Hak Guna Bangunan yang yang kini dimiliki PT HKKB juga tidak sesuai dengan Tata Ruang Wilayah Kota Bandar Lampung dan Perda Kota Bandar Lampung No. 04 tahun 2004 tentang Tata Ruang Wilayah (RTRW) Kota Bandar Lampung tahun 2005 – 2015.Selain itu berdasarkan Undang-Undang No. 26 Tahun 2007 Tentang Penataan Ruang Pasal 61 bahwa Dalam pemanfaatan ruang, setiap orang wajib (a). Menaati rencana tata ruang yang telah ditetapkan; (b). Mematuhi ketentuan yang ditetapkan dalam persyaratan izin pemanfaatan ruang. Sedangkan menurut Pasal 73 bahwa (1) Setiap pejabat pemerintah yang berwenang yang menerbitkan izin tidak sesuai dengan rencana tata ruang , dipidana dengan pidana penjara paling lama 5 (lima) tahun dan denda paling banyak Rp500.000.000,00 (lima ratus juta rupiah).
Rencana Tata Ruang Wilayah (RTRW) merupakan inti kebijakan pembangunan di kota yang akan berdampak langsung pada perubahan ruang kota secara social, fisik, maupun ekologi. Prinsip pembangunan daerah yang berkelanjutan (Sustainable) harusnya menjadi dasar dalam pembangunan suatu wilayah sebagaimana tercantum dalam Pasal 15 UU No 32 tahun 2009 tentang pengelolaan lingkungan hidup. Jadi pembangunan kota tidak seharusnya berorientasi pada alih funsi lahan yang saat ini makin marak terjadi yang mengundang respon beragam dari masyarakat. Belum apa – apa saja keputusan untuk berpihak kepada investor dari pada melindungi hajat hidup orang banyak telah menuai protes dimana – mana. Terlebih lagi pembangunan yang dilakukan tanpa berpikir panjang tersebut hanya akan memperburuk kondisi ekologi Kota Bandar Lampung.
Permasalahan ini melibatkan banyak pihak, seperti Pemerintah Provinsi Lampung sebagai pemilik lahan dan Badan Pertanahan Nasional (BPN). Hingga saat ini status tanah di Hutan Kota masih belum jelas, apakah milik PT Hasil Karya Kita Bersama (HKKB) atau milik Pemerintah. Pada akhirnya semua masalah ini menimbulkan konflik sosial diantara masyarakat sendiri, masyarakat dan pemerintah maupun masyarakat dan pengusaha.
Menyikapi ekploitasi Taman Hutan Kota (THK) Wayhalim yang akan dialihfungsikan, Koalisi rakyat peduli taman Hutan Kota muncul sebagai respon bahwa masyarakat Bandar Lampung masih menginginkan THK untuk dipertahankan sebagai RTH. Kita semua pantas untuk bersikap skleptis karena memang wajar saja jika kita berpikir ada apa sebenarnya dibalik upaya alihfungsi RTH tersebut? Padahal jelas, peruntukan THK sebagai RTH sudah dilindungi undang – undang, bukan untuk dikomersialisasikan dengan PAD yang tidak seberapa nilainya yang masuk ke kas pemerintah kota.

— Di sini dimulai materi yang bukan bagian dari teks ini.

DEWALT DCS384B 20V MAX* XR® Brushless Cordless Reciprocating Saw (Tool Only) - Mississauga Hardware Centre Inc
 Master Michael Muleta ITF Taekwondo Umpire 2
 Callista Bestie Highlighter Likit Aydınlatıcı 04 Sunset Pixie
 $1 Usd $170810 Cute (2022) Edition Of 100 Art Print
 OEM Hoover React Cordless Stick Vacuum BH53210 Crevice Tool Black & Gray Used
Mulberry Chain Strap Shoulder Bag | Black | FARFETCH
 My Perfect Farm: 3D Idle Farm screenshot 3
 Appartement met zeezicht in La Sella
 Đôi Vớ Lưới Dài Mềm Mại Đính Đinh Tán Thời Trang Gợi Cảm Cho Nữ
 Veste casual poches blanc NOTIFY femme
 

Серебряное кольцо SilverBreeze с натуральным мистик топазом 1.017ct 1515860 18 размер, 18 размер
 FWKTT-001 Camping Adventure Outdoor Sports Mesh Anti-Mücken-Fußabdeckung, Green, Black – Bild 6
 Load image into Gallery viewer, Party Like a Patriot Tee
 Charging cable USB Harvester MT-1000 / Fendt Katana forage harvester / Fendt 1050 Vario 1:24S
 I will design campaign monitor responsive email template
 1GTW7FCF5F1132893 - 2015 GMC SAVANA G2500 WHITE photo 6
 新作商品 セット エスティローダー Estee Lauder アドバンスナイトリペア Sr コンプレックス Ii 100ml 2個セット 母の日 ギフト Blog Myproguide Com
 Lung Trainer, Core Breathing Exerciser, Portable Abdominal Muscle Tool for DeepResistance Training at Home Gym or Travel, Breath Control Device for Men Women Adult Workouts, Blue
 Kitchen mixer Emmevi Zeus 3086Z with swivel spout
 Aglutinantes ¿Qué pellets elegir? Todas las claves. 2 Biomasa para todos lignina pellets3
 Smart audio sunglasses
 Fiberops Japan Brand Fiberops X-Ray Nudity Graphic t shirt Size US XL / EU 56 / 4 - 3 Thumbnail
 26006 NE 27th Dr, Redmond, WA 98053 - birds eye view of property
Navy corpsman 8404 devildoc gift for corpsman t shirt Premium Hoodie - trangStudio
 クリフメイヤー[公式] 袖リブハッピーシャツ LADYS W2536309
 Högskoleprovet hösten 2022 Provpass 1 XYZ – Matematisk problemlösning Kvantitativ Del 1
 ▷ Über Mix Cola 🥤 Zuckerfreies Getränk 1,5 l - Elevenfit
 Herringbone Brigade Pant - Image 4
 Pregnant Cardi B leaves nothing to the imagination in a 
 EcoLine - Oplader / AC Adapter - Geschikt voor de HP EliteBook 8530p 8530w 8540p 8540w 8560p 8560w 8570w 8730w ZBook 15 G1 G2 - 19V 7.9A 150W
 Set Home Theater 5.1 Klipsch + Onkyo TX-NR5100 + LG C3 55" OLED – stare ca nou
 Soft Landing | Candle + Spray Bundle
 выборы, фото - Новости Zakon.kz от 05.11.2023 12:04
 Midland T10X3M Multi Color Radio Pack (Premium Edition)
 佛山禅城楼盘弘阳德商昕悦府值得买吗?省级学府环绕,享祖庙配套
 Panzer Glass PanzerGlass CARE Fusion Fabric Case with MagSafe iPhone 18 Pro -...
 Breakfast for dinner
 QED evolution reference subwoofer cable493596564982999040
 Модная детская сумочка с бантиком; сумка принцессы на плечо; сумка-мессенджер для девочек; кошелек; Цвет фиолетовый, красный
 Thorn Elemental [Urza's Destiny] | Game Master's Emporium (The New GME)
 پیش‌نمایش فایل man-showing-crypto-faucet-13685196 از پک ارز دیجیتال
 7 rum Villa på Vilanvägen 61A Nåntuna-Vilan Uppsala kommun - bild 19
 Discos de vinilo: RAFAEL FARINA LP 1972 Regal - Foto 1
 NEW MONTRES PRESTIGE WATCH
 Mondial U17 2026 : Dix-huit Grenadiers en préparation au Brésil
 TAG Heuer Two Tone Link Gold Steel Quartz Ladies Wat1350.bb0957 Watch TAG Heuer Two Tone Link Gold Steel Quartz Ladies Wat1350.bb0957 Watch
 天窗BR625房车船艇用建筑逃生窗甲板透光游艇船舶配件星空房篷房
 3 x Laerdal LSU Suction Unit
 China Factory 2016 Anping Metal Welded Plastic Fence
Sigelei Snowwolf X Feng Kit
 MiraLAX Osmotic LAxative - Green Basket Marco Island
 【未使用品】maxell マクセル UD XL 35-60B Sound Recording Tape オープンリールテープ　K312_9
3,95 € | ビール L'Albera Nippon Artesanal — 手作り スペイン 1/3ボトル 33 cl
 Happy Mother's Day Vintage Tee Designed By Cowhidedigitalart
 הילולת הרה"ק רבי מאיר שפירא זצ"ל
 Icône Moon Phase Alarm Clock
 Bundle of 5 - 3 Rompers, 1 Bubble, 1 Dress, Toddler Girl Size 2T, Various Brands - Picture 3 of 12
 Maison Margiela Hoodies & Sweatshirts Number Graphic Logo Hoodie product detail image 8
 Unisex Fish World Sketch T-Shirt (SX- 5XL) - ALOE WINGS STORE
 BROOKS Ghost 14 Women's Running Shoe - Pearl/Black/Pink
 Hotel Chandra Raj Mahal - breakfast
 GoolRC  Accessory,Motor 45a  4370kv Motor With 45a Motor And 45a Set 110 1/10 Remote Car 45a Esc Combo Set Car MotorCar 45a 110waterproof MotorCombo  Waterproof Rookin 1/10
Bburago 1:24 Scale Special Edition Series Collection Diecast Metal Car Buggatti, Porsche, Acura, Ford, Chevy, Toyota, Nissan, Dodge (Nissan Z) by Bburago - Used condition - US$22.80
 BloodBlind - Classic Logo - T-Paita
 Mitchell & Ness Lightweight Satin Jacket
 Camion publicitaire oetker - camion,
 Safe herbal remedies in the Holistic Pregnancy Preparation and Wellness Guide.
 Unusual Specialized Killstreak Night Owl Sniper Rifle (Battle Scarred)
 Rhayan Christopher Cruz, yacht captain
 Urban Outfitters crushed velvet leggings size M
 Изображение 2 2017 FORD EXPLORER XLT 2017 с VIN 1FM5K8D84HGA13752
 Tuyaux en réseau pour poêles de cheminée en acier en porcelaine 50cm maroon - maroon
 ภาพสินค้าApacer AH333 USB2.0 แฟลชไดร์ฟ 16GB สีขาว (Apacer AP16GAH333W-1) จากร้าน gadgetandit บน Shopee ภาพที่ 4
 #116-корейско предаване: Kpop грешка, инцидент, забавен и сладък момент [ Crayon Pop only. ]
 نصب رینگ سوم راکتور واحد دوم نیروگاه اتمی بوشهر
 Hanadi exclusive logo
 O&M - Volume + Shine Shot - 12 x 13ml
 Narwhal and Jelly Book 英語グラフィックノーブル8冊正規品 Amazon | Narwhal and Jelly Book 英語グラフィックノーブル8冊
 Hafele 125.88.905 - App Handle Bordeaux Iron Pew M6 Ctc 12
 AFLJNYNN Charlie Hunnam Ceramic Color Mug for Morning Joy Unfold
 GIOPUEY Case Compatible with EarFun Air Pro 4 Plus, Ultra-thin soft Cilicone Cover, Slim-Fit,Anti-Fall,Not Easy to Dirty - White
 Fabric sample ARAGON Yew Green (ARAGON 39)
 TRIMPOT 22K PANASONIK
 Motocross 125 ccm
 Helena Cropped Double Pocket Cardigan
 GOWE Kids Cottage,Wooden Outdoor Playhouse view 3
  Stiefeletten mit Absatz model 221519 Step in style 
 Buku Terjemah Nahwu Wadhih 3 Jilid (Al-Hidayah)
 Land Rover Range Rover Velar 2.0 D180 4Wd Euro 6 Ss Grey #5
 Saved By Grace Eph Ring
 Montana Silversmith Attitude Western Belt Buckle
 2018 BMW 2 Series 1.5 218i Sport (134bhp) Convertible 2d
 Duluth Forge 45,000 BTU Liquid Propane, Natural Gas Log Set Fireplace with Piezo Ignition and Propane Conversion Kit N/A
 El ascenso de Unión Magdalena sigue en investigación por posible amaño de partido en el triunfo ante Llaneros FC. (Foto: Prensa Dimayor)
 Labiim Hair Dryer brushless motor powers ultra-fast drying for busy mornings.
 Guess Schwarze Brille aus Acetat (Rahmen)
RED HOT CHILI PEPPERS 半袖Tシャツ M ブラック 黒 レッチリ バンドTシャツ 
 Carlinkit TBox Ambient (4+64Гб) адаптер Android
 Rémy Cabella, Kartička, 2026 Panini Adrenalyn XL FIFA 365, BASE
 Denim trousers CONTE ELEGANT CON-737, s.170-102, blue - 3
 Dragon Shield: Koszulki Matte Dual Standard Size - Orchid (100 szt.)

Jika PT HKKB hanya mampu membeli hutan kota dengan membungkam pemerintah kota dengan menyumbang Rp. 53 juta saja sebagai PAD, maka masyarakat pun seharusnya dapat menebusnya dengan harga yang lebih mahal jika saja seluruh warga Bandar Lampung ini bahu membahu mengumpulkan uang untuk merebut kembali Hutan kota yang telah luput dari kepemilikan pemerintah kota. Jika memang pemerintah menginginkan ada anggaran yang masuk ke kas Pemerintah Kota, Masyarakat Bandar Lampung pasti dapat membeli lahan tersebut demi kelestarian ekologi dan tersedianya RTH bagi masyarakat Bandar Lampung.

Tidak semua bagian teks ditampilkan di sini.